(BIVN) – One of the prominent kupuna making a stand against the Thirty Meter Telescope project reminded the Office of Hawaiian Affairs on Thursday that as the dispute over Mauna Kea continues, the mountain remains closed to the public.
Dr. Noe Noe Wong-Wilson, one of the the elders arrested on July 17, 2019 as police tried unsuccessfully to clear the road for TMT construction crews, has been one of the spokespersons for the kiaʻi fighting the observatory project. She is also the executive director of the Lālākea Foundationan, an educator and cultural practitioner.
Wong-Wilson thanked the Office of Hawaiian Affairs for its assistance, especially the Trustees who came to Puʻuhuluhulu (Carmen Hulu Lindsey was among the kūpuna arrested on the Mauna Kea Access Road on the same day as Wong-Wilson).
She then focused on the issue of access to the mountain, testifying:
The last thing I want to remind you of is the Governor has still closed the Mauna to the public. The public are Native Hawaiians, hunters, cultural practitioners and the occasional tourist who tries to go up there. That Mauna has not been closed by us.
We are sitting on the road only for one reason, and that’s what unites us. We sit on that road to stop TMT trucks from going up and causing further desecration of our Mauna. But we’re not there to shut the public out, and we certainly have not received the access that we deserve as practitioners, as public, as Native Hawaiians.

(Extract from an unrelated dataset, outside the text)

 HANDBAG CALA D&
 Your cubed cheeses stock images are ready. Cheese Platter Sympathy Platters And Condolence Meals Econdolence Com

We are allowed one vehicle a day, while 30 to 40 vehicles with astronomers, astronomer technicians, all their support, all of their contractors, go up daily to work on the existing telescopes. They have not been impeded with their access. All law enforcement goes up. We wave at the National Guard, who resides up at Hale Pohaku. We wave at the sheriffs, at the Attorney General’s officers, at our DOCARE officers – who we’ve become very friendly with; we’ve lived with them for, now, 69 days, and we love them, even though they’re guarding the cattle guard, not us. But I’m telling you that this is still an issue.
Our people, our hunters, still have no access to their traditional practices, their ability to feed their family off of the land, and we have to sit and negotiate who gets to go up to bury their piko, to spread their ashes, to do their pule – because we’re only allowed one car a day. That’s still a problem.
We’ve asked the governor why he doesn’t open the mountain and he says – well, he just doesn’t quite know. He thought we were blocking the road. We had to tell him we weren’t. And he seemed very confused about that.
I let you know that, because if there’s anything of the many things that can be done by the OHA Board, one of them is to make sure that that mountain is open and that our people have complete access as we should have.
“Mahalo,” Wong-Wilson told the Trustees, who were scheduled to make an official site visit to Puʻuhuluhulu and the base of the Mauna Kea access Road later that day. “I’ll see you on the Mauna,” she said.